O hijos del desencanto. Porque la etapa histórica que va desde la muerte de Franco en 1975 hasta el autogolpe de Estado de 1981 llevó a una nueva era social marcada por la pérdida de valor de algo tan vital como es el compromiso por asegurar una sociedad mejor.
Aquellos que nacimos en plena transición somos, en definitiva, hijos de una generación desencantada. Los jóvenes trabajadores, nuestros padres, que vivieron la muerte de Franco como una liberación que despejaba el horizonte para construir una nueva sociedad se toparon con las consecuencias de la operación política de alto calado que engañó y traicionó a muchos luchadores.

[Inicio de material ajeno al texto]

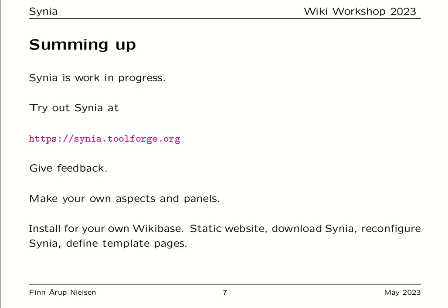Summing up: Cynia is a work in progress. You can try it out at cynia.toolforge.org and give feedback. You can make your own aspects or panels. More advanced users can install it for their own Wikibase — you need a static website, download Cynia, reconfigure it with a couple of lines, define some template pages, and then you will have Cynia operating on your Wikibase.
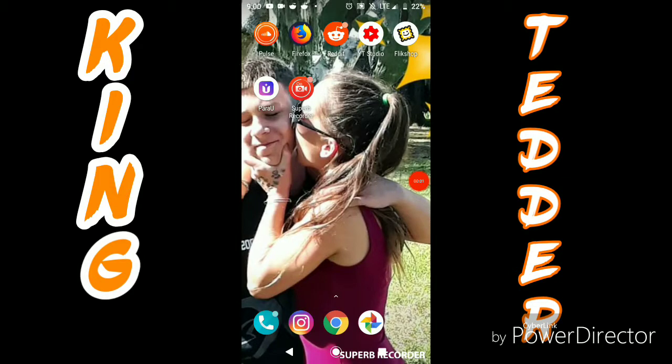What's up ladies and gentlemen, it's King Tedder from King Tedder Music. Today is going to be another video that I feel will help out new rappers — and that is going to be how you can download the TubeBuddy extension on your cell phone instead of on the computer.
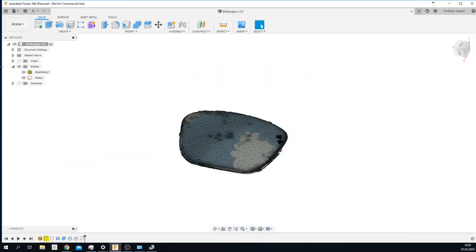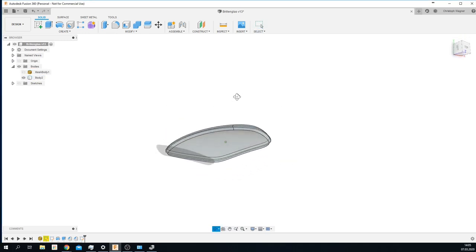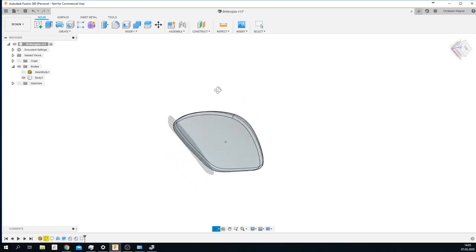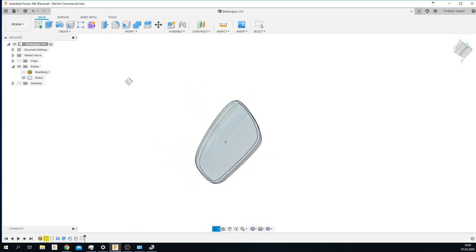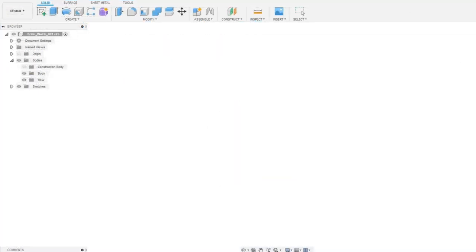I was fortunate enough to get my hands on a 3D scanner which I used to get my lenses scanned. So I had a pretty good starting point for the design.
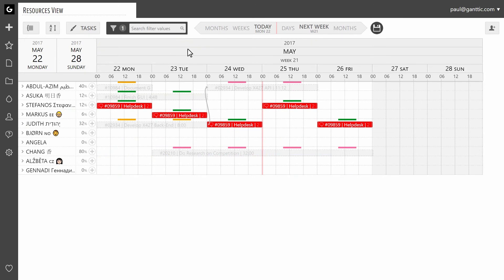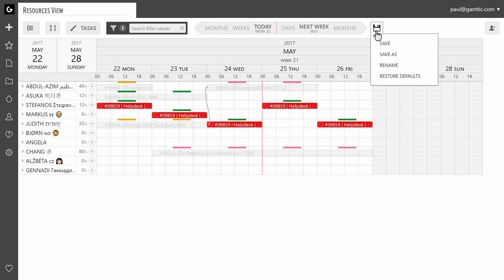As you can see, all the tasks containing the term "help desk" appeared. If you want to save this filter to the view, click Save next to the view parameters.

Las ilusiones, sus energías, su enfrentamiento muchas veces físico a la represión, los arrestos, los días o años de cárcel, la dedicación ferviente a la causa, el sacrificio en pos del Partido, la Idea, la Revolución o el Sindicato sólo se vieron recompensados con el establecimiento de una democracia burguesa profundamente cercenada por una oligarquía franquista que jamás ha abandonado el poder y por una nueva clase política de exluchadores antifranquistas instalados y, en ocasiones, adiestrados o comprados para servir al capitalismo proyanqui… Sólo insignificantes matices diferencian a los dos partidos y a los dos sindicatos que detentan hoy las riendas del poder.

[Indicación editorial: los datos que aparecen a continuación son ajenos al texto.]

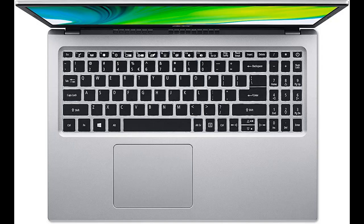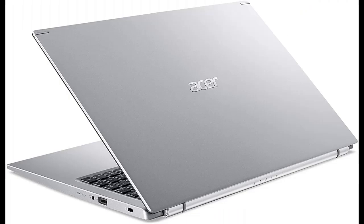Backlit Keyboard. HD Webcam. 1 USB 3.2 Generation 1 Port, 2 USB 3.2 Generation 1 Ports, 1 USB 2.0 Port. 1 HDMI Port with HDCP Support. Lithium-ion Battery Up to 8.5 Hours Battery Life.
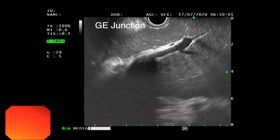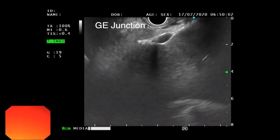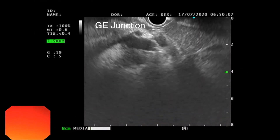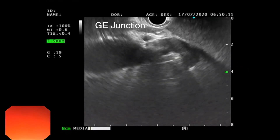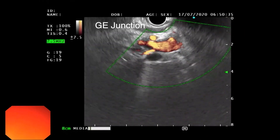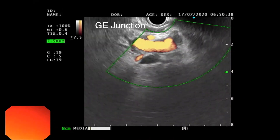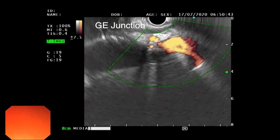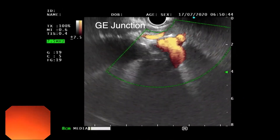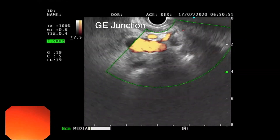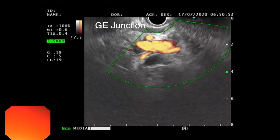On further clockwise rotation and slight forward movement of the scope, the hilar structures are highlighted. In the hilum, we can see three structures: the hepatic artery, the portal vein, and below that the CBD.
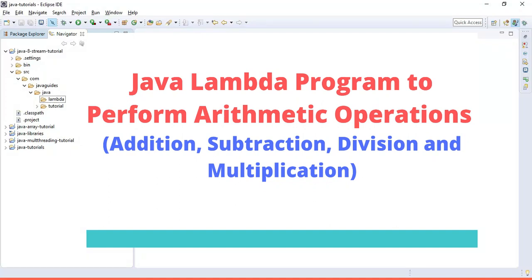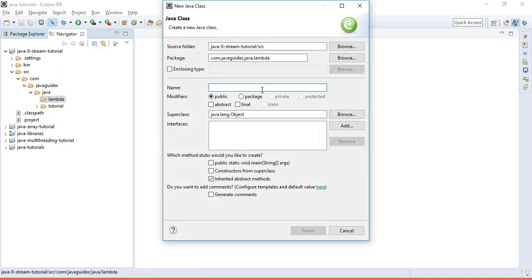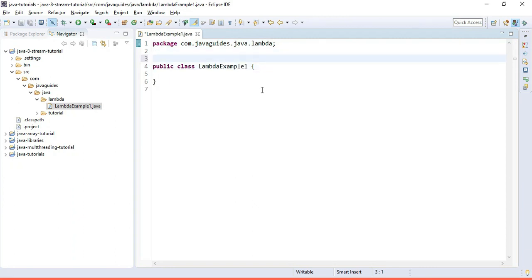Hi, this is Ramesh. I'm going to write a Java program to perform arithmetic operations such as addition, subtraction, multiplication, and division using lambda expressions. If you are new to lambda expressions and functional interfaces, please visit my previous video tutorials where I have shown you all about lambda expressions and functional interfaces.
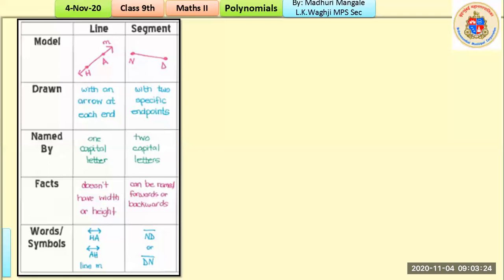For a line segment, the endpoints are points — not arrowheads. A line segment is a part of a line with a specific length. It has two specific endpoints and a particular length. We represent it using two capital letters, for example, segment ND or segment DN — both directions are valid.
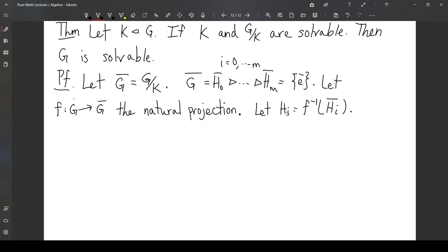The idea is that these H sub i are going to comprise a tower for G, but it's not going to be all of the tower. Think about what F-inverse of H_M-bar is — the inverse image of the identity in G mod K. The identity in G mod K corresponds to all of K. All of K gets sent to the coset K times K, which is just K. So all of K is being sent to the identity, and precisely those are the only elements getting sent to the identity. So F-inverse of H_M-bar is K itself. That's where we use the fact that K is solvable.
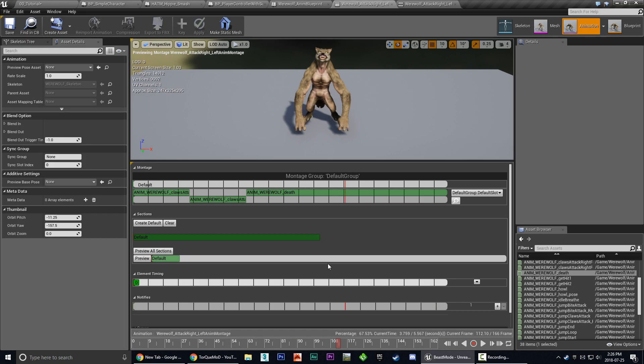So there you have it, guys. That's a quick way to combine FBX files using Unreal Engine 4. Hopefully this video has helped you out. If it has, please be sure to hit the like button and also subscribe for future tutorials. Thanks a lot.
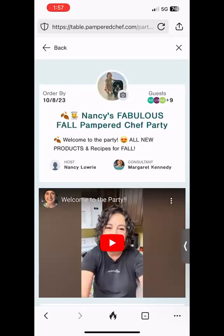It opens up a little more information about the party, so you're going to confirm that your host is right there. There might be a little message — we just started our new fall line, so that's what is going on in this party. You'll see how many guests are in there and when the order deadline is. There's also a video that says 'Welcome to the Party' that gives you the outlay of the Table party in a nutshell.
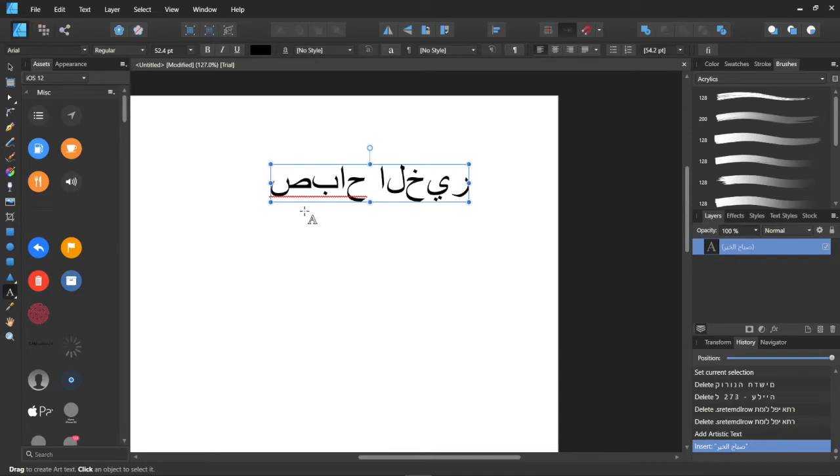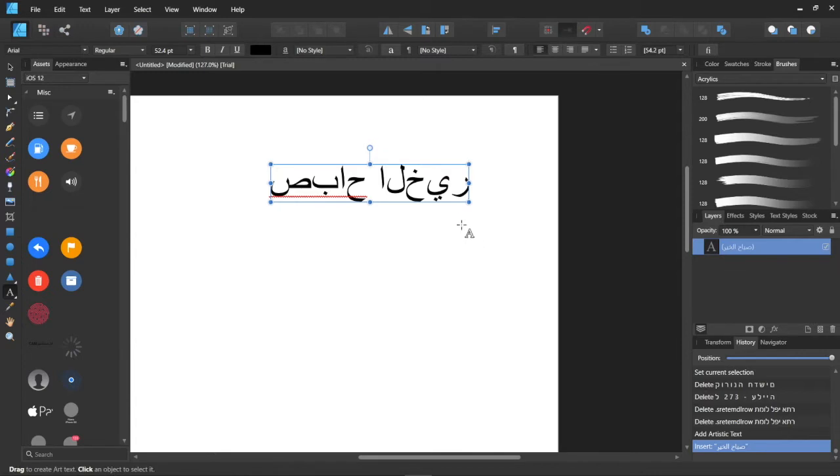As you can see, there are two major problems here. First problem is, the letters are written from left to right, instead of right to left, as it should be. The second problem is, the grammar is not applied here.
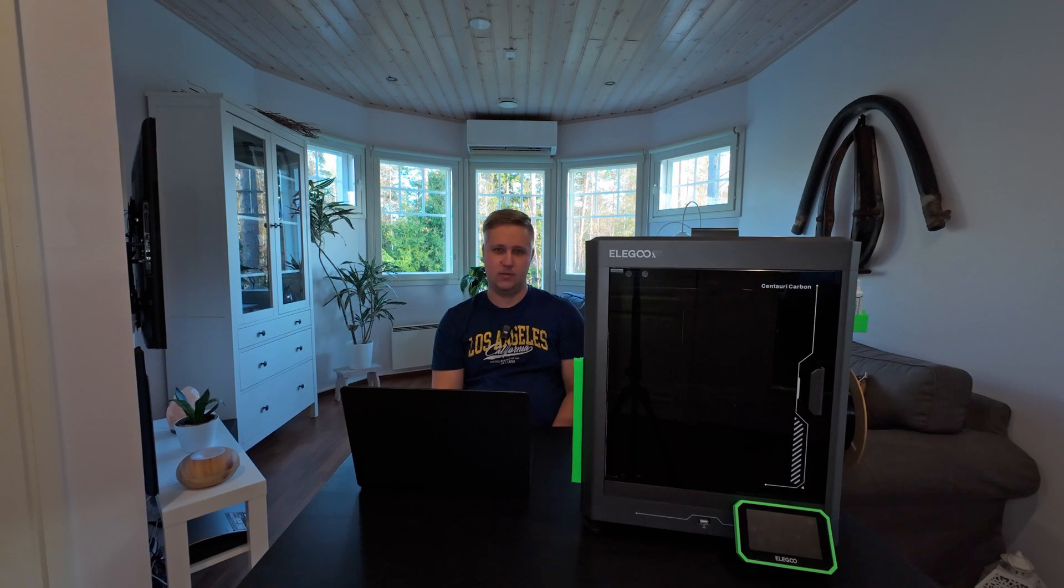Hello and welcome to another video. This is a review of the Elegoo Centauri Carbon. So I've had it for about three months now and I've used it for almost 120 hours and it's been good so far.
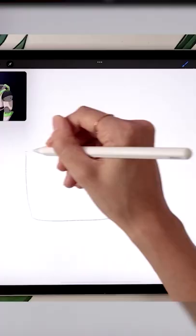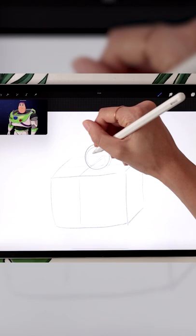How to draw Buzz Lightyear. Start by loosely sketching a box, then add two circles for the head and two more for the shoulders.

Ésta es la principal causa que explica el desierto que asoló la opción anticapitalista entre los años 80 y el inicio del nuevo milenio. El engaño, las manipulaciones, el vaciado de contenido del discurso obrero han marcado la generación de nuestros progenitores. En el mejor de los casos han continuado siendo críticos con el devenir político y social pero se han alejado para siempre de la lucha organizada y, lo que es peor, son escépticos respecto a la importancia de comprometerse. Otros han caído en un reformismo resabiado y perverso que lo que transmite a su prole es que todo es relativo excepto el bienestar individual, nada se puede hacer para cambiar las cosas y no merece la pena “pringarse” salvo para recoger las migajas que ofrecen los que mandan.
Lozano y Castañeira retratan muy acertadamente a la generación hija de la transición : “Viven generacionalmente en la ardiente oscuridad” y se preguntan “¿Cuál es el sueño actual de los hijos de la transición ?” a lo que responden con “No disponen de un horizonte generacional compartido”.

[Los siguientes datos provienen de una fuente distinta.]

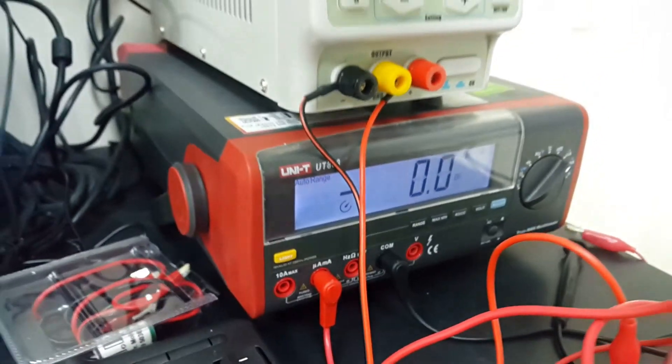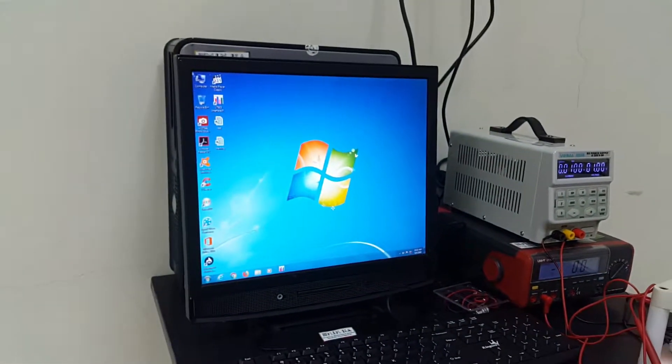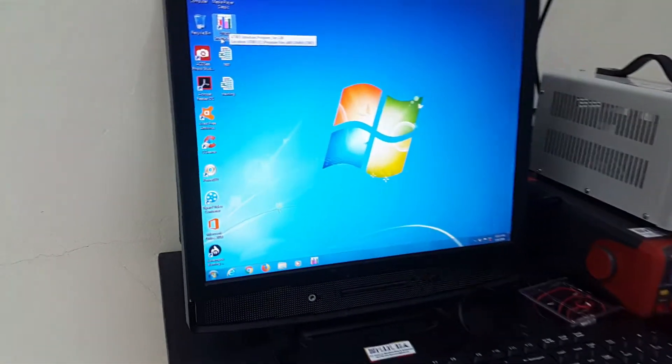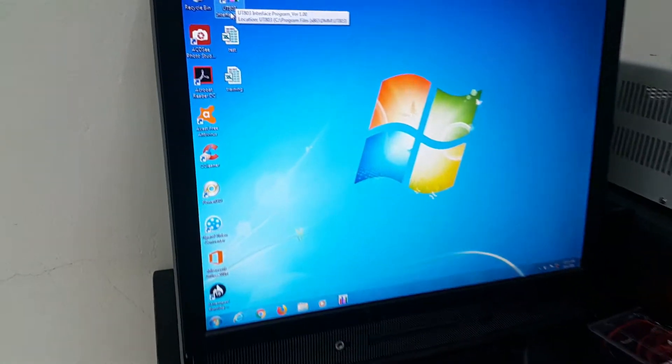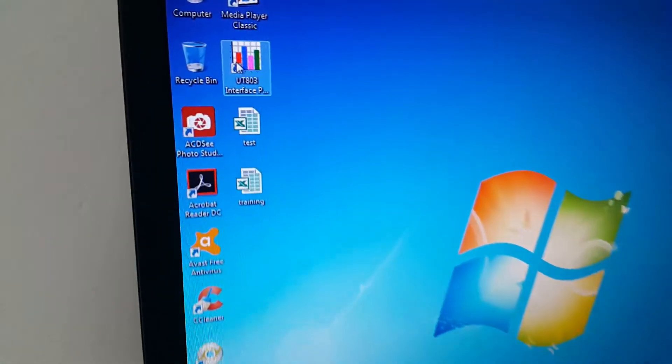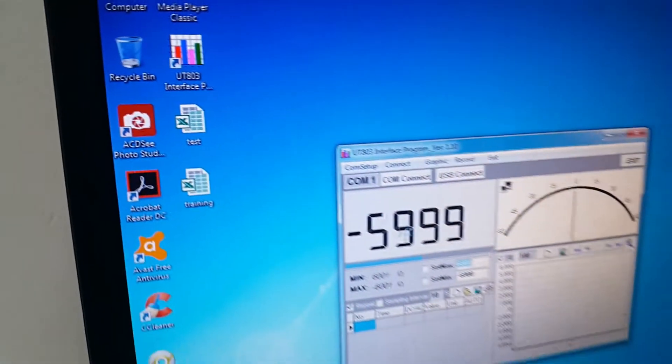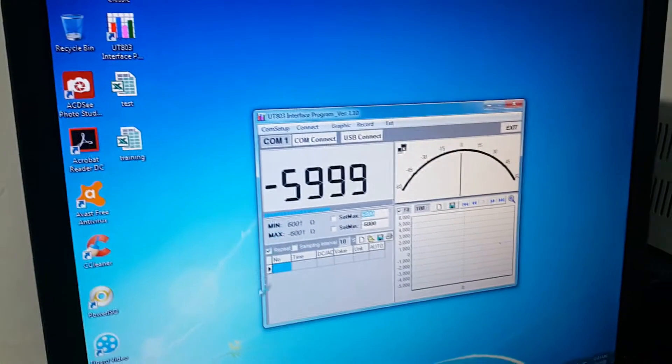Next, for the PC, we have to make sure that you have this software, UTA03.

Sin embargo, descritos los síntomas y aun señalando el peligro de que la inexistencia de un sueño suponga “la entrada en la senda de la decadencia”, ambos autores soslayan esbozar las causas de la enfermedad y cómo remediarla.
Porque remontarse a la Transición y hacer patentes los males que entrañó entre la clase trabajadora supone, hoy por hoy, un ejercicio imprescindible pero profundamente complicado por ese telón de silencio impuesto desde el poder y recogido por los sectores reformistas y domesticados en la máxima de que más valía perdonar, callar y amnistiar que pelear, no se fuera a perder lo poquito conseguido.
Miedo y traición han sembrado lo que hoy somos en gran medida : acérrimos individualistas, sin perspectivas de futuro colectivo, atrapados muchas veces en una infancia anhelada que encierra sueños ingenuos pero mezquinos, de ésos que no tratan de responsabilidad, ni de revolución, ni de emancipación. Nos impusieron un modelo político nefasto y nos dijeron que eso era lo máximo a lo que debíamos aspirar. Recuperar la capacidad de respuesta y la ilusión pasa necesariamente por analizar aquella “modélica transición” e identificarnos con los sueños de nuestros abuelos, los mismos sueños que guiaron a sus hijos pero que no fueron capaces de cumplir.